We also found a higher but nonsignificant prevalence of MetS in men than in women. The possible mechanisms of the gender difference are as follows. First, men generally have more risk factors for developing atherosclerosis and metabolic abnormalities than do women (Hata and Kiyohara 2013). They are liable to have more unhealthy lifestyles, such as smoking, that contribute to developing MetS (Hata and Kiyohara 2013; Higashiyama et al. 2009). Second, there may be a gender difference in the cumulative effects of the progression of atherosclerosis because of the lag time in the advancement of dyslipidemia over a lifespan, and, in turn, its contribution to metabolic abnormalities. For example, non-HDL-C levels are lower in premenopausal women than in men of the same age group, which may delay the cumulative effects of developing atherosclerosis more in women than in men. Menopause may contribute a gender difference in metabolic risk (Hwang et al. 2006); however, there was no significant age interaction in women with and without MetS (t = 0.670, p = 0.862) in this study. Additional hormonal studies may be needed to clarify the reason for the gender difference in the association between increased non-HDL-C and MetS. In addition, although treatments with clozapine and olanzapine are associated with the greatest risk of clinically significant weight gain, diabetes mellitus, and dyslipidemia (Newcomer 2005), the risk of taking clozapine and subsequently developing MetS in this study was not higher than with other SGAs.

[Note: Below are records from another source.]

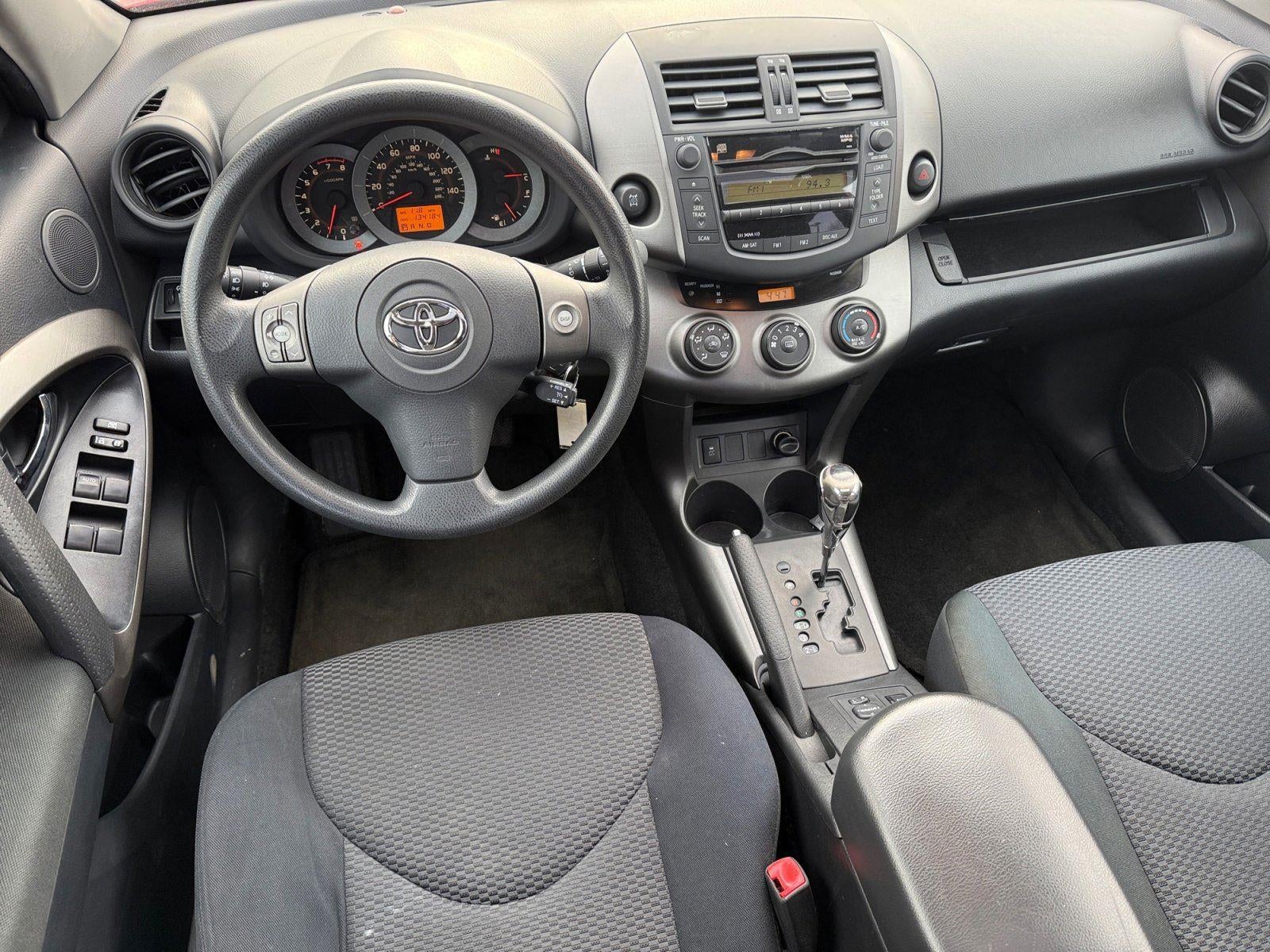 2011 Toyota RAV4 Sport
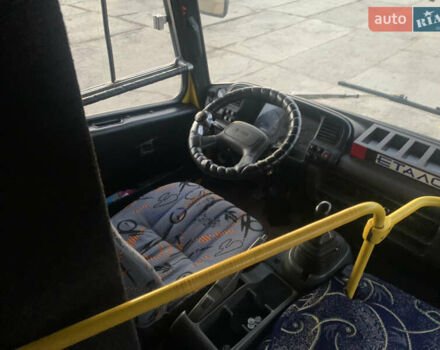 Жовтий Богдан А-092, об'ємом двигуна 4.6 л та пробігом 100 тис. км за 10000 $, фото 21 на Automoto.ua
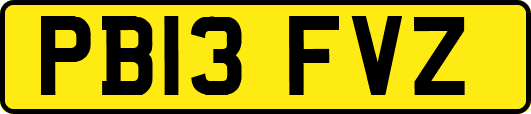 PB13FVZ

Our study has some limitations. First, the heterogeneous sample and its characteristics of the current study limit the generalizability of the findings because most patients were under 50 years old with long-term hospitalization, had late-onset schizophrenia without significant difference between two sexes, and were taking clozapine. In general, men have an earlier onset for schizophrenia. Second, the gender differences are not fully convincing because menopausal status, hormone levels, the distributions of concomitant physical diseases, and specific psychosocial factors were not comprehensively examined. Third, medication doses and familial risk factors or current treatments for MetS require additional investigations. Last, the cross-sectional design limited our ability to examine the temporal associations and causal relationships between the risk factors and the prevalence of MetS.

Conclusion

This cross-sectional study supported a greater prevalence of MetS in patients with schizophrenia taking SGAs than in the general population in Taiwan. A BMI ≥ 24 and an abnormal non-HDL-C level were significantly associated with developing MetS. Moreover, having an abnormal non-HDL-C level was a specific risk factor in men for developing MetS, but not in women. The development of specific interventions, such as monitoring BMI in both genders and the non-HDL-C level in men, is needed to identify and treat MetS early, and more attention should be paid to gender differences.